[Data items]
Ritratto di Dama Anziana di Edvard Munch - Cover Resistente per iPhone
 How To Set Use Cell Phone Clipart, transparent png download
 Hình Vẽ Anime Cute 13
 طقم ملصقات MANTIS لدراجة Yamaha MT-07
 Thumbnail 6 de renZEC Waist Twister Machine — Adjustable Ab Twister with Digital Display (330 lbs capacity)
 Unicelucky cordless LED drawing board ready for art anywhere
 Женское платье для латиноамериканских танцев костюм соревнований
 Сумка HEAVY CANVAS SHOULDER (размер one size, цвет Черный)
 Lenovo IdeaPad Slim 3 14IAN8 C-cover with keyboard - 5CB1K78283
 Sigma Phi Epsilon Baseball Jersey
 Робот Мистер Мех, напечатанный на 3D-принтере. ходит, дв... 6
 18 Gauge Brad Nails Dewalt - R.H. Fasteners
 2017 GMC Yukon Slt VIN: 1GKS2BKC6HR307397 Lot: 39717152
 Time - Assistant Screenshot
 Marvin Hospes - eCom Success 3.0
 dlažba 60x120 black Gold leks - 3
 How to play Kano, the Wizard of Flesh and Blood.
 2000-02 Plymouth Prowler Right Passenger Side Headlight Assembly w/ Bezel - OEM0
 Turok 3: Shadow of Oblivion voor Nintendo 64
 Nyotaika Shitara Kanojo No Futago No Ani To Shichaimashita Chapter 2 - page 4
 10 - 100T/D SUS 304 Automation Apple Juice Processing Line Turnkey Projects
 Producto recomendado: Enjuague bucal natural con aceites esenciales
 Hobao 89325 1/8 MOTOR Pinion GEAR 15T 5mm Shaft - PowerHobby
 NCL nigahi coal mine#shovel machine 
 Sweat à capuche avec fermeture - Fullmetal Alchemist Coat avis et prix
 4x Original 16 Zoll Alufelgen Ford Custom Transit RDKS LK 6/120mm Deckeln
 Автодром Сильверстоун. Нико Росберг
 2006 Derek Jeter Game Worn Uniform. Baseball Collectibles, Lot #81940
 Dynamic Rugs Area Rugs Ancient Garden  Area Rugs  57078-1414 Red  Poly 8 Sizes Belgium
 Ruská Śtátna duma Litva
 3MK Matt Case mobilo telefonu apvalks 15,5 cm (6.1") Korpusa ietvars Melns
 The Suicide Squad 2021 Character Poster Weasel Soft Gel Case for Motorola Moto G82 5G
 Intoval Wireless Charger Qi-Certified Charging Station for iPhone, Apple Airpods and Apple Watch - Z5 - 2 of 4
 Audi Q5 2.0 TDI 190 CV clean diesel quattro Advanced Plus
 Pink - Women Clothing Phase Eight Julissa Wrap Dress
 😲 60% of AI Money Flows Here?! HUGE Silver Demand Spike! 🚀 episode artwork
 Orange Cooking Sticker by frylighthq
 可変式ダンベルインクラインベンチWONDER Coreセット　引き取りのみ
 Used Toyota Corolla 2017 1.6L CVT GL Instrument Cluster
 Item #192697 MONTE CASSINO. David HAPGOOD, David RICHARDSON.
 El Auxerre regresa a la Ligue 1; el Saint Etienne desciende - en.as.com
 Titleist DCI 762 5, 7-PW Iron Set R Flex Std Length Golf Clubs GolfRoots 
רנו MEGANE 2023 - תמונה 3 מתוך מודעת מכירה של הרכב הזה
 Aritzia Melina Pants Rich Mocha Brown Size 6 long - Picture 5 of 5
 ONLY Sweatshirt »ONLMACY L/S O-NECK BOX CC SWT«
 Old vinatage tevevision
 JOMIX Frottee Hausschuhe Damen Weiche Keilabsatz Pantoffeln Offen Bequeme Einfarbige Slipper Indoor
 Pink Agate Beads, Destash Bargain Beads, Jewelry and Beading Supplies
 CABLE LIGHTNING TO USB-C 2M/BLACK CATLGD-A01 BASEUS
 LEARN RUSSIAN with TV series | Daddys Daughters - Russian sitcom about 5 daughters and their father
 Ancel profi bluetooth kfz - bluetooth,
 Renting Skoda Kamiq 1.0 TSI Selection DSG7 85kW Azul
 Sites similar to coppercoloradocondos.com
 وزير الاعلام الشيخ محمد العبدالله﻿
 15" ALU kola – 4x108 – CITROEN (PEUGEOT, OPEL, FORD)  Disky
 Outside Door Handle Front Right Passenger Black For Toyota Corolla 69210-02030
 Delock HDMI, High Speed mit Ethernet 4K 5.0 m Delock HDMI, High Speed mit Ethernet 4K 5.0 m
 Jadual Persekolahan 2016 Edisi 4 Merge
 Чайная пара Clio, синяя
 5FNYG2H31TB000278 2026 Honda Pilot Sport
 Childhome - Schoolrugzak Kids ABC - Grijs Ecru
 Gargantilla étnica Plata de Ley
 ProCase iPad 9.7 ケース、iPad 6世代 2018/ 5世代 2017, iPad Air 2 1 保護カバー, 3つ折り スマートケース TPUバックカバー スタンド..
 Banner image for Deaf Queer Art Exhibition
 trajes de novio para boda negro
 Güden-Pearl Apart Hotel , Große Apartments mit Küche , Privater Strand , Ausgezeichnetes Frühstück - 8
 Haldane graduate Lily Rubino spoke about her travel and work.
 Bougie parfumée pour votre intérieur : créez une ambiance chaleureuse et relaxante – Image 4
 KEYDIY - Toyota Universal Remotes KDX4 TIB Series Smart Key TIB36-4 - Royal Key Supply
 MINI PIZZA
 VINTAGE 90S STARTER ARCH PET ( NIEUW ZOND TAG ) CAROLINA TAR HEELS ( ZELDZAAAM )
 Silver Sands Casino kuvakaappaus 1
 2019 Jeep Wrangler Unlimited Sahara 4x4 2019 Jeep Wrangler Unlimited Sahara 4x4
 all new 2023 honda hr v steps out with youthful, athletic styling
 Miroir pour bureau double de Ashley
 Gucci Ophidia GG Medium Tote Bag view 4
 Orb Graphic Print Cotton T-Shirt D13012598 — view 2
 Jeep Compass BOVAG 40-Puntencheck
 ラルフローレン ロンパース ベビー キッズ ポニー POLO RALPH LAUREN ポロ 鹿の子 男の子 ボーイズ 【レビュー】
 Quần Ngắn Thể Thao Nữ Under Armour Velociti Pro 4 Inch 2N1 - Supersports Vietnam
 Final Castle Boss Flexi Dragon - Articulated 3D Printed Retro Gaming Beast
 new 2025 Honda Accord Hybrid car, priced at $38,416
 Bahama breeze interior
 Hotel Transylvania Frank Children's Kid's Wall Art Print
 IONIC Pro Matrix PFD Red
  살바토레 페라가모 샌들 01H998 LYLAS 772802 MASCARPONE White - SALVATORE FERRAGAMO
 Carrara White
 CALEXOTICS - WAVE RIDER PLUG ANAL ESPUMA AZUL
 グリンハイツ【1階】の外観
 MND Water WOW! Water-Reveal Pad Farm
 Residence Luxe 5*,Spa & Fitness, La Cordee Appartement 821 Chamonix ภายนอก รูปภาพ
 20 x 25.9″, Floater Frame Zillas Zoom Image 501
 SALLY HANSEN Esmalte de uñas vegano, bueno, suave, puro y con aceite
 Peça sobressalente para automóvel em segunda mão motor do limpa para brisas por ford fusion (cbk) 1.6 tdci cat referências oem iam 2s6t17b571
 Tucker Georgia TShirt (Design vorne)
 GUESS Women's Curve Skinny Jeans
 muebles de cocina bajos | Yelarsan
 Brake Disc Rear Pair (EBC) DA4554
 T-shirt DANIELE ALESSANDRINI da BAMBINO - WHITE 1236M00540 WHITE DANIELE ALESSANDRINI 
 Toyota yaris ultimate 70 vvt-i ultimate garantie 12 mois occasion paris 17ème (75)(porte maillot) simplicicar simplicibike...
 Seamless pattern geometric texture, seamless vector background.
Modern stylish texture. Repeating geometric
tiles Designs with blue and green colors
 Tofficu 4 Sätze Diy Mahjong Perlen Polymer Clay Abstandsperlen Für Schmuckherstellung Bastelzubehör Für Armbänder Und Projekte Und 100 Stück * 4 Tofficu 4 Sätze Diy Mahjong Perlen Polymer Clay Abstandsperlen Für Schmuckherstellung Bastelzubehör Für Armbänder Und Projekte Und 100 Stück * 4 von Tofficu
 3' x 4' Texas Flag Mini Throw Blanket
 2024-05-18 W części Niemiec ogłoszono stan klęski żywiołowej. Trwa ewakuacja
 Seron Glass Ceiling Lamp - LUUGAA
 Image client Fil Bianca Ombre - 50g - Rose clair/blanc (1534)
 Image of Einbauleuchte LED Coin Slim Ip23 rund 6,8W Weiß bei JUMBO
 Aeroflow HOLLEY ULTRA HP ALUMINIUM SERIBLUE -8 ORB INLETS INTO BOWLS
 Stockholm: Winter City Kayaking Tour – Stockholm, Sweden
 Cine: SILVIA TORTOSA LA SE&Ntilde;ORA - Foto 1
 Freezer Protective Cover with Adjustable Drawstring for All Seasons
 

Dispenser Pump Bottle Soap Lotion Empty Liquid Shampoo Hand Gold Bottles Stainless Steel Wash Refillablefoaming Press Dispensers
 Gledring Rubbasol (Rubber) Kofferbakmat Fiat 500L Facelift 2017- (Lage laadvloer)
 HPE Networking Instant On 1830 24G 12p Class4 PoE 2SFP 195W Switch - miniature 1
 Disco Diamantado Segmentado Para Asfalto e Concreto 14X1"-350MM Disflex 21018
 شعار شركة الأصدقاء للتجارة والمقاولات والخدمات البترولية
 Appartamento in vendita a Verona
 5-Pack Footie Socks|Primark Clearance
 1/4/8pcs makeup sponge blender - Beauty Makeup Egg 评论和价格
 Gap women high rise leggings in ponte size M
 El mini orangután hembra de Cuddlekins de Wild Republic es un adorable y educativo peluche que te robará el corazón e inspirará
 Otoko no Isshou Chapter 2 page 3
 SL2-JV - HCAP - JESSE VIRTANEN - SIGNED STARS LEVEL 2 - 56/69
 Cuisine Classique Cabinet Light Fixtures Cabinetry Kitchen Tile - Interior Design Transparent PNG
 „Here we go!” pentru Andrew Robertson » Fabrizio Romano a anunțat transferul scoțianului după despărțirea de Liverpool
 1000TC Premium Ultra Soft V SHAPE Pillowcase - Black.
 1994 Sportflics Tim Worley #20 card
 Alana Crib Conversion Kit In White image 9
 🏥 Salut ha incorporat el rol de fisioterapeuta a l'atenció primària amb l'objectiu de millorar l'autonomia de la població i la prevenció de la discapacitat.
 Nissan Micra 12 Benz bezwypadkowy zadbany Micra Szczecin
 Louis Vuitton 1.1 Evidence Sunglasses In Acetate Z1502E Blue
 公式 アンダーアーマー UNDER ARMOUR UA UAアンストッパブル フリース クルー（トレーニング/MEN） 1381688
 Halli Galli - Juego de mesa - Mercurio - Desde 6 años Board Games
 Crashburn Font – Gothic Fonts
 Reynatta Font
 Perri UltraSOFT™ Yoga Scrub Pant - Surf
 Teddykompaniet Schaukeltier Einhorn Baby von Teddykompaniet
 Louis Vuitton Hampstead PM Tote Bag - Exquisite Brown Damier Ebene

• [Problem statement] Restate the data verbatim through the "Unicelucky cordless LED" line.

• [Answer section]
Ritratto di Dama Anziana di Edvard Munch - Cover Resistente per iPhone
 How To Set Use Cell Phone Clipart, transparent png download
 Hình Vẽ Anime Cute 13
 طقم ملصقات MANTIS لدراجة Yamaha MT-07
 Thumbnail 6 de renZEC Waist Twister Machine — Adjustable Ab Twister with Digital Display (330 lbs capacity)
 Unicelucky cordless LED drawing board ready for art anywhere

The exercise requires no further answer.